I originally saw There Will Be Blood with a stranger who is now a very good friend of mine. His name was Will and we met on a forum. We were both film nerds and we both wanted to see There Will Be Blood something fierce, so we decided to hang out and go see the flick down at the Arclight. The movie was great and while at Baja Fresh, we ran into Trevor from The Whitest Kids You Know. It was a formative day and one of the better ones I have of Los Angeles proper.

On a side note, Will also loves this movie, but he hasn't watched it since it came out in theaters for fear of it not measuring up to the first experience. more Blood for me, I guess.

Anyways, There Will Be Blood is built into a lot of memories of mine and, what's more, is that it's a really goddamn good flick. Without going on too long about why that it, suffice it to say that I find it amazing because there is no feasible, logical reason why the movie works. It simply shouldn't. If anyone else attempted this movie, it wouldn't work. There's probably a thousand examples in cinema of a movie like this going wrong and for some reason, this time, some strange alchemy allowed it to not only exist, but be one of what I think will be the greatest films of all time.
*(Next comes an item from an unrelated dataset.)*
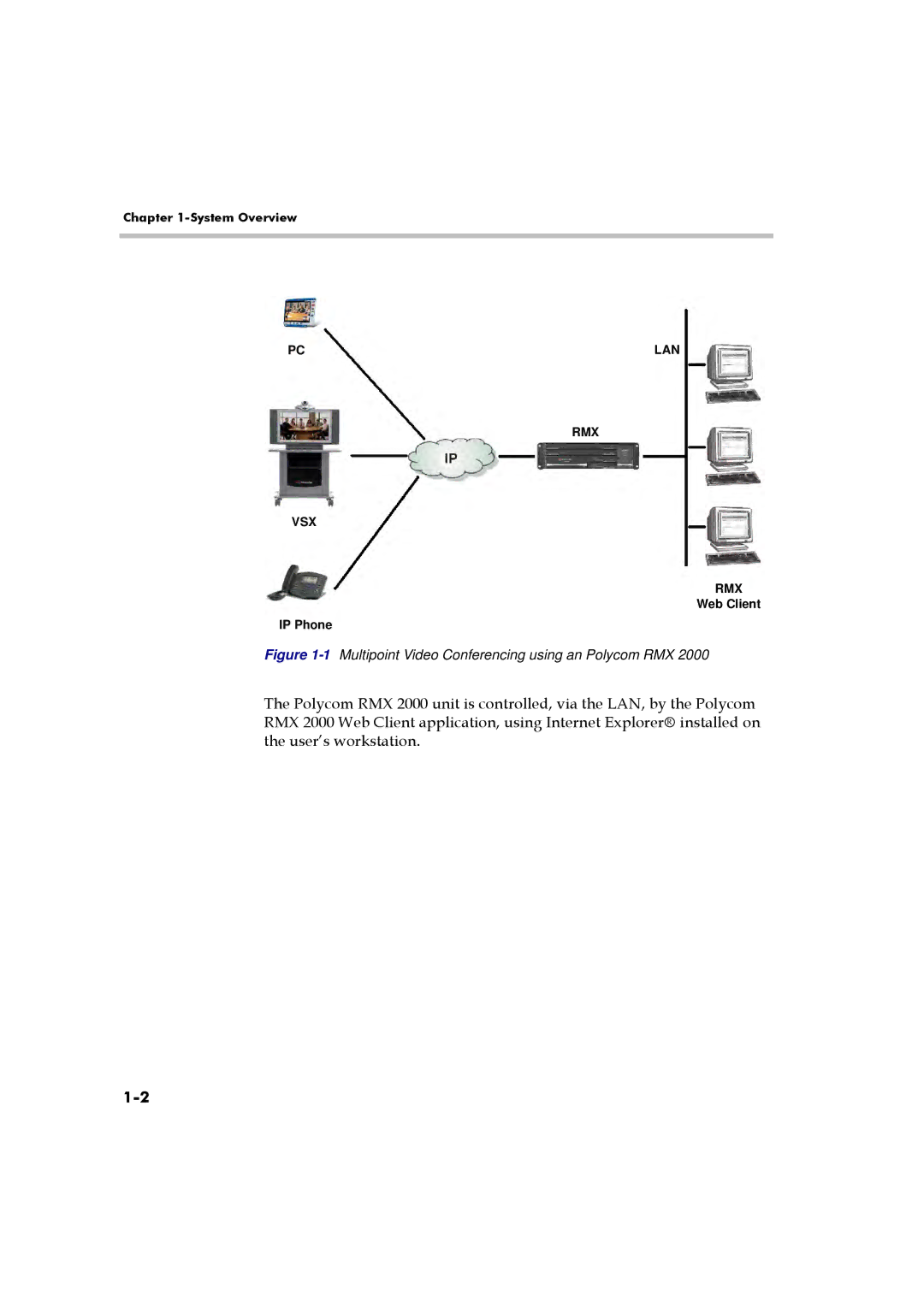 Polycom RMX 2000 manual 1Multipoint Video Conferencing using an Polycom RMX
At least it will be one of my greatest films of all time. That must be worth something.

Anyways, another friend of mine Steven, who I've known since kindegarten, have been getting together, drinking, yaking, and watching great movies. Blade Runner is one of them. Miller's Crossing is another. Chinatown was one and so was Narc. This past Sunday we decided to re-watch There Will Be Blood. It was a good choice.

I've watched this movie maybe a dozen times and I've realized that the more I watch it, the more I empathize with Daniel Plainview. There's no way that can be a good thing. While I don't exactly understand his psychosis or his maliciousness, there's a part of me that perfectly understands the kind of driven, withdrawn enmity that he feels about the people around him. While I thankfully have more friends that he does, I get how a person can get so wrapped up in this bitter little ember inside of themselves.

And maybe that's why I like this movie so much. It doesn't waste it's time with story or morality, it just shows the life of an irredeemably angry man slowly picking away at himself for no apparent rhyme or reason. And there's no reason something like that should be this watchable.

This sounds incredibly stupid as I write it, but the movie is as uncompromising as Plainview himself. Each form is perfect in its own little way.